Dix-neuf. C’est le nombre de jours qui séparent la première classique flandrienne, ce mercredi à La Panne, de l’arrivée à Roubaix, le 14 avril prochain, qui sonnera comme le tombé de rideau de la campagne des courses pavées. Les deux semaines et demies les plus passionnantes et les moins prévisibles de la saison. Encore plus cette année.

D’un pavé glissant à une épaisse poussière blanche

Il y a trois ans, au lendemain d’un Paris-Roubaix remporté par Mathew Hayman et après quasiment trois semaines de rebondissements, nous écrivions une « Ôde aux flandriennes ». C’est à la fin du bal qu’on paye les musiciens et cette année-là, s’il avait véritablement fallu sortir le chéquier, l’addition aurait été salée. Boonen, Cancellara, Sagan, Van Avermaet, Kwiatkowski, Vanmarcke, tous avaient répondus présents, tous s’étaient tirés la bourre, même si au moment de faire les comptes, certains repartaient bredouille. Depuis, tout a un petit peu changé, parce que le Belge et le Suisse, si souvent adversaires, ne sont plus là. Mais ils ont trouvé en Sagan et Van Avermaet, notamment, de nobles successeurs, désormais tous les deux titrés sur les Monuments pavés, et les deux semaines et demies qui vont aujourd’hui de La Panne – depuis le déplacement d’A Travers la Flandre – jusqu’à Roubaix restent les plus excitantes de l’année.
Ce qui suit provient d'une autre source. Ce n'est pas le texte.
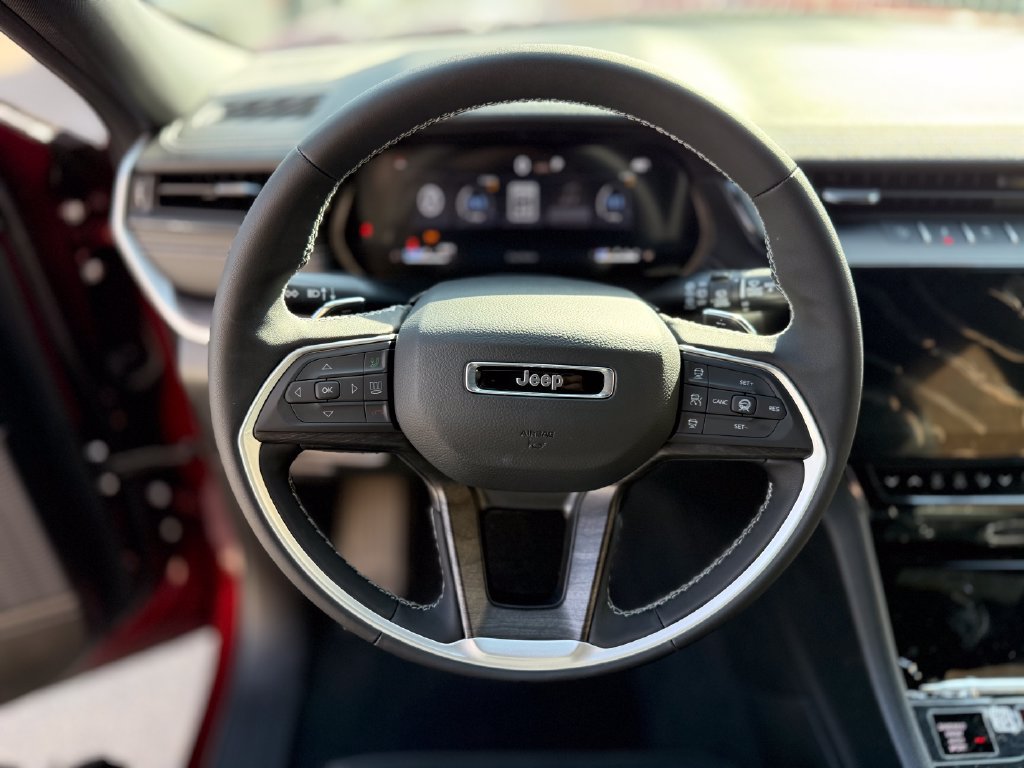 New 2026 Jeep Grand Cherokee Altitude AWD/4WD image 6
C’est tout l’amour d’un pavé glissant ou d’une poussière blanche qui s’envole dans le ciel, selon la météo du jour, qui nous revient en mémoire en cette fin de mois de mars. Comme si depuis l’an dernier, nous avions oublié. On a bien eu une piqûre de rappel, fin février, avec le week-end d’ouverture, qui n’a d’ailleurs pas manqué de spectacle. Mais c’est toujours un peu trop court pour vraiment s’y remettre. Pas suffisant pour avoir sa dose. Pire, c’est comme avoir le droit de voir ses cadeaux de Noël le 24 au soir, au pied du sapin, mais être forcé d’attendre le 25 pour les ouvrir. Et ce mercredi après-midi, c’est comme si tous les enfants de Belgique et d’ailleurs étaient autorisés, en même temps, à aller découvrir leurs nouveaux jouets. L’arrivée à La Panne, promise aux sprinteurs, n’offrira pas tout à fait la même mise en bouche qu’autrefois A Travers la Flandre, depuis déplacée entre Gand-Wevelgem et le Ronde, mais ça n’en rendra que meilleur le festin qui suivra.
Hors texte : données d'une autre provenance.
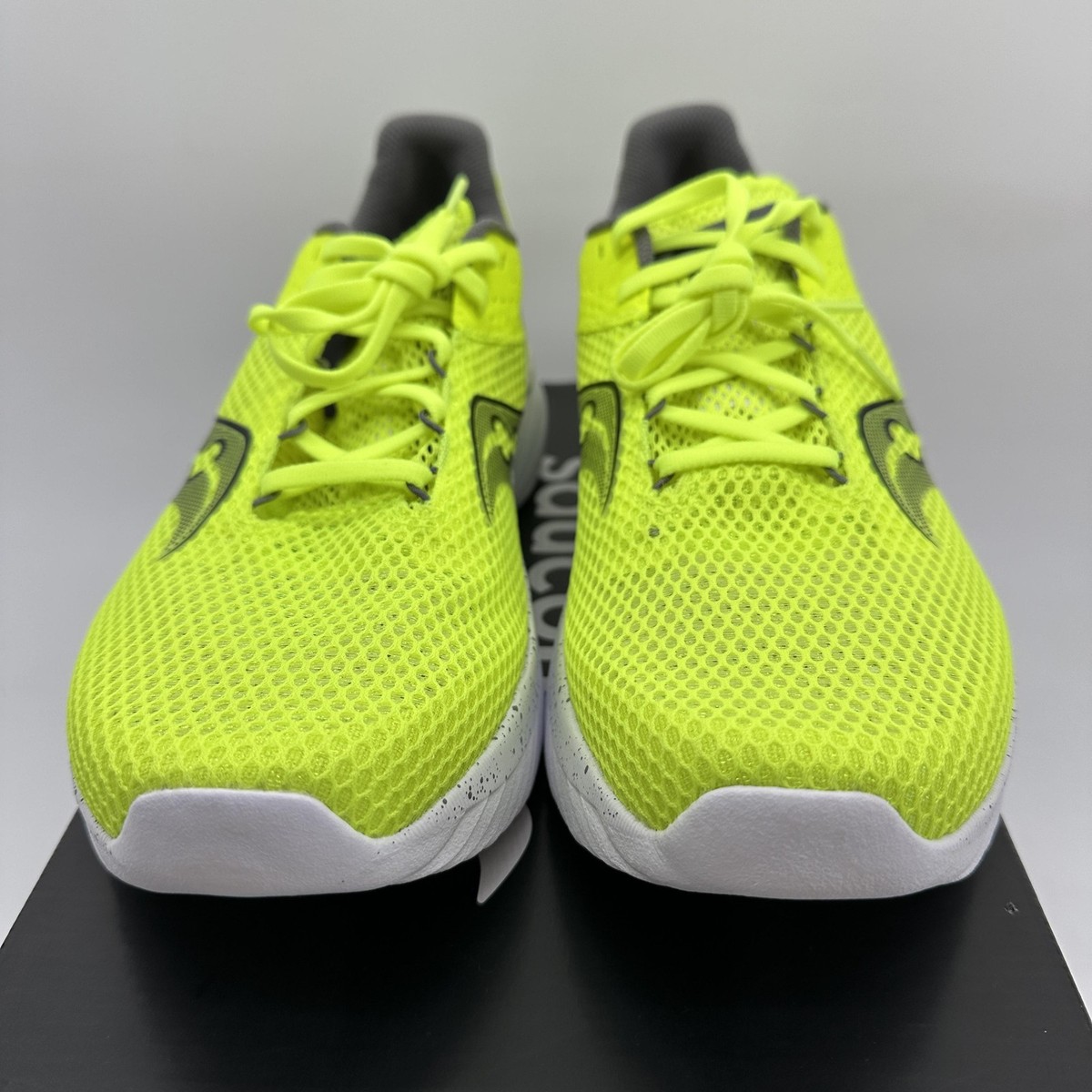 Saucony Kinvara 14 Shoes Mens Size 11.5 Yellow Citron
Un cornet de frites à la main

Parce que les pavés sont imprévisibles et qu’on ne peut pas s’y cacher, dans un mauvais jour, les classiques qui arrivent révèlent les vrais patrons. La hiérarchie après Paris-Roubaix est sans nuance et elle ne place jamais d’usurpateur en haut du pavé. On peut gagner une flandrienne sur un coup de dés, mais pas dominer la campagne. Cet honneur est réservé à quelques forçats bien à part. Cinq ou six, jamais plus, en début de printemps, peuvent y prétendre. Depuis dix ans, on a parfois été capable de voir venir le patron des flandriennes. Sagan et Van Avermaet, ces dernières années, étaient par exemple attendus au tournant et ils ont assumé. Mais 2019 est un cru un peu particulier, sans doute plus ouvert qu’à l’habitude. Les prétendants ne sont pas plus nombreux, parce qu’on n’intègre pas ce cercle si facilement. Mais la hiérarchie, entre eux, est plus floue qu’à l’accoutumée.
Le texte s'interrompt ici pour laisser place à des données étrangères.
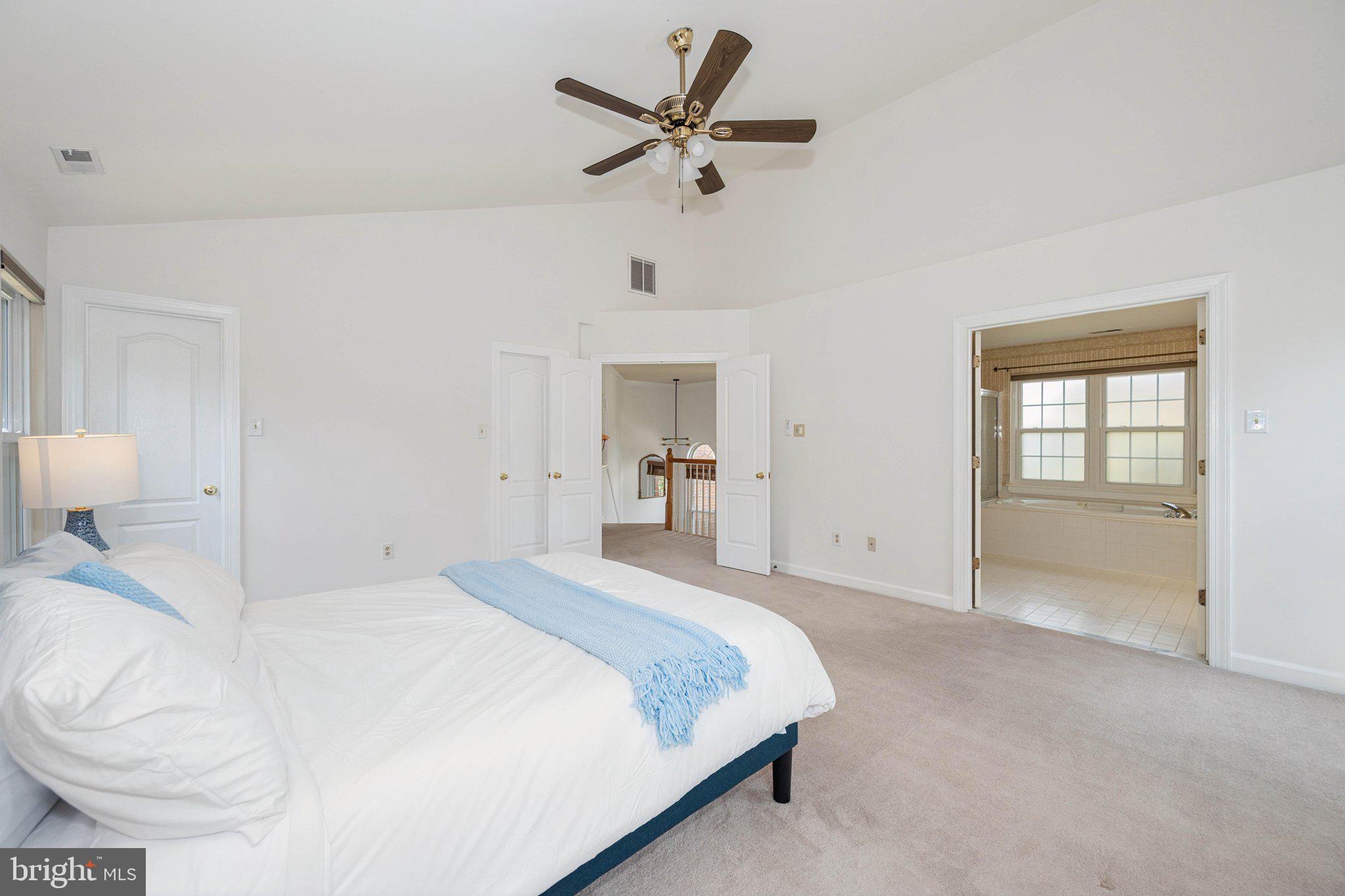 CEDAR MANOR - Residential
Peter Sagan, assez discret depuis le début de saison, arrive avec moins de certitudes que les années passées, et désormais, il a déjà gagné le Tour des Flandres et Paris-Roubaix. Greg van Avermaet, avec un nouveau maillot sur le dos et toute la pression de son équipe, démarre lui la campagne sans avoir impressionné, depuis le début d’année, et toujours à la conquête d’une victoire sur le Ronde. Zdenek Stybar, Yves Lampaert et Philippe Gilbert doivent se partager un leadership vacant, chez Deceuninck-Quick Step, depuis le départ de Niki Terpstra chez Direct Energie, dont on attendra de voir s’ils peuvent peser sur ces classiques. Oliver Naesen, impressionnant il y a deux ans et de nouveau le week-end dernier sur Milan-Sanremo, pourrait revenir dans la bagarre, comme l’éternel Sep Vanmarcke, qui court encore derrière autre chose que des podiums. Reste à admirer et à profiter du spectacle. Si possible avec un cornet de frites dans la main gauche et une bière dans la main droite, debout dans un mont pavé.